Secara global, siklon tropis dikenal dengan berbagai istilah, seperti hurricane, typhoon, atau cyclone, tergantung wilayah kemunculannya.
Namun secara ilmiah, ketiganya memiliki karakteristik yang sama. Di kawasan Asia Pasifik dan Australia, istilah siklon tropis lebih umum digunakan.
Pengertian Bibit Siklon Tropis
Bibit siklon tropis merupakan tahap awal dari terbentuknya siklon tropis. Pada fase ini, sistem cuaca masih berupa gangguan atmosfer dengan tekanan udara rendah, namun belum cukup kuat untuk dikategorikan sebagai siklon tropis.
Pemahaman mengenai perbedaan siklon tropis dan bibit siklon menjadi penting karena meskipun belum berkembang sempurna, bibit siklon tetap dapat memicu hujan lebat dan gelombang tinggi, terutama di wilayah perairan.
Proses Terbentuknya Siklon Tropis
Siklon tropis tidak terbentuk secara instan. Ada sejumlah kondisi yang harus terpenuhi, seperti suhu permukaan laut yang hangat (di atas 26-27 derajat Celsius), atmosfer yang lembap, serta adanya gangguan awal berupa tekanan rendah.

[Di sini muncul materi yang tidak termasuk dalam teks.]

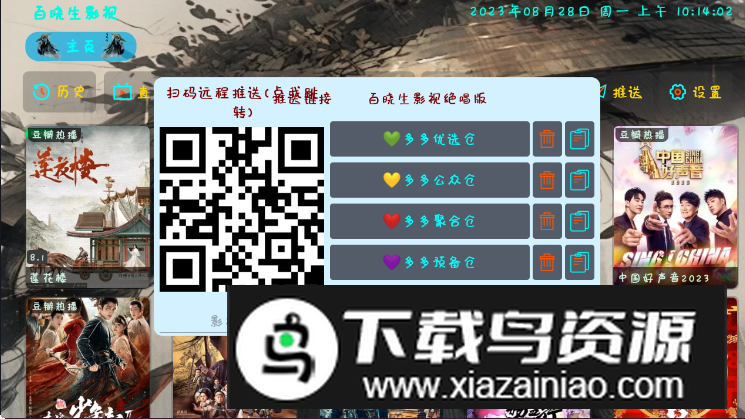 百晓生影视免费版最新版截图2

Selain itu, pengaruh gaya Coriolis membuat sistem cuaca mulai berputar dan terorganisir. Jika kondisi ini terus berlanjut, bibit siklon dapat berkembang menjadi badai tropis hingga akhirnya menjadi siklon tropis yang kuat.
Jenis dan Tahapan Siklon Tropis
Secara umum, perkembangan siklon tropis dibagi ke dalam beberapa tahapan berdasarkan kekuatan angin dan struktur sistemnya.
1. Gangguan Tropis
Gangguan tropis merupakan fase paling awal. Pada tahap ini, awan hujan mulai terbentuk namun belum terorganisir dengan baik dan belum memiliki pusat tekanan rendah yang jelas.
Contoh:
Kumpulan awan hujan di atas laut yang dipantau BMKG sebagai potensi bibit siklon.
2. Bibit Siklon Tropis
Pada tahap ini, sistem cuaca sudah memiliki sirkulasi angin dan tekanan rendah yang lebih jelas, dengan kecepatan angin di bawah 34 knot. Meski belum dinamai, bibit siklon dapat memicu cuaca ekstrem.
Contoh:
Bibit Siklon Tropis 96S dan 97S yang terpantau di wilayah Samudra Hindia dan sekitar Australia, yang berdampak pada hujan lebat dan gelombang tinggi di Indonesia.
3. Badai Tropis
Jika kecepatan angin meningkat hingga 34-63 knot, sistem ini disebut badai tropis dan mulai diberi nama resmi. Pada fase ini, hujan semakin intens dan area terdampak semakin luas.
4. Siklon Tropis
Siklon tropis merupakan tahap terkuat, dengan kecepatan angin di atas 63 knot. Pada fase ini, badai dapat menimbulkan kerusakan besar, baik di darat maupun di laut.
Contoh:
Siklon Tropis Nokaen yang meskipun bergerak menjauhi Indonesia, tetap memberikan dampak cuaca ekstrem di wilayah timur Tanah Air.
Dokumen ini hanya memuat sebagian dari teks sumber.